One of the few bright lights on behalf of actual investors, Gretchen Morgenson’s columns in The New York Times often shine to reveal the selfish and false actions of the Wall Street crowd, stockbrokers, and hedge fund managers. We have devoted many comments on this site to informing investors of the slippery things that some stockbrokers and brokerage firms do to increase their own revenues at the expense of the customer investor. Gretchen Morgenson recently wrote about how some Wall Street hedge fund managers and stockbrokers give retirees the short end. Hedge fund managers, already terrifically highly paid by receiving a fee on the assets (the customer’s assets with the firm) plus a large fee on any profits.
As Gretchen Morgenson writes, the hedge funds give retirees the short end by obtaining discounts on their own legal services and other vendors but not obtaining those same discounts for the benefits of their own customers–the retiree investor’s with money in the hedge fund.

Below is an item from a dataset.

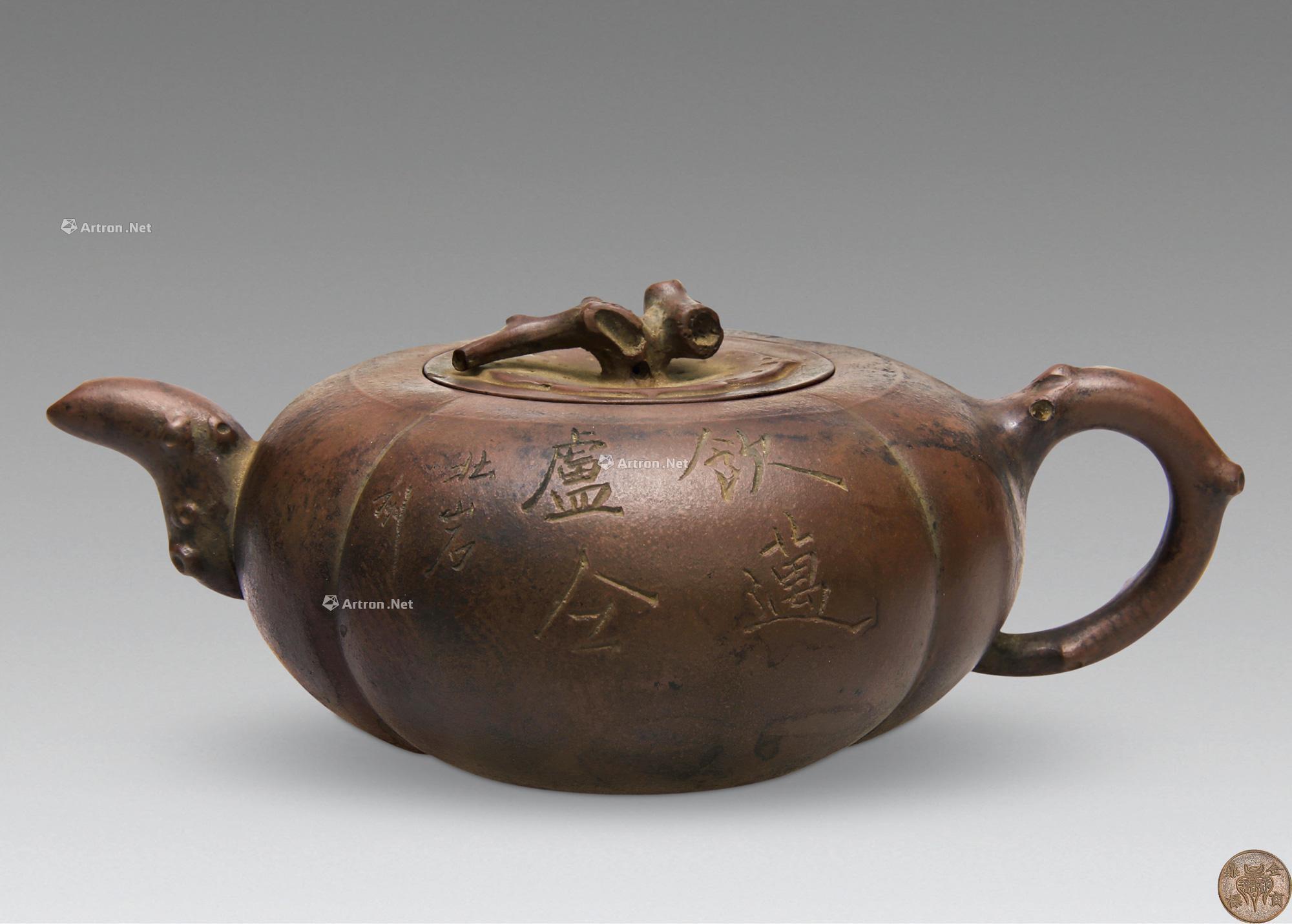 0959民国吴云根柿蒂壶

The the Wall Street managers buy their own lawyers at a discounted price but the customers pay a higher price. It is especially bad because one reason the lawyers (or other vendors) sell at a discount to the manger is because they know the manager will pay them a higher price when the customer (you) are paying. It is another example of Wall Street favoring itself over the investor, no matter what they say.
The hedge fund managers particularly want to keep their actions secret and confidential, saying essentially that their customers should just trust them. These discounts, revealed in S.E.C. documents as conflicts of interest, have drawn attention from the S.E.C. If these managers actually have the interests of the retirees in mind, where are their discounts?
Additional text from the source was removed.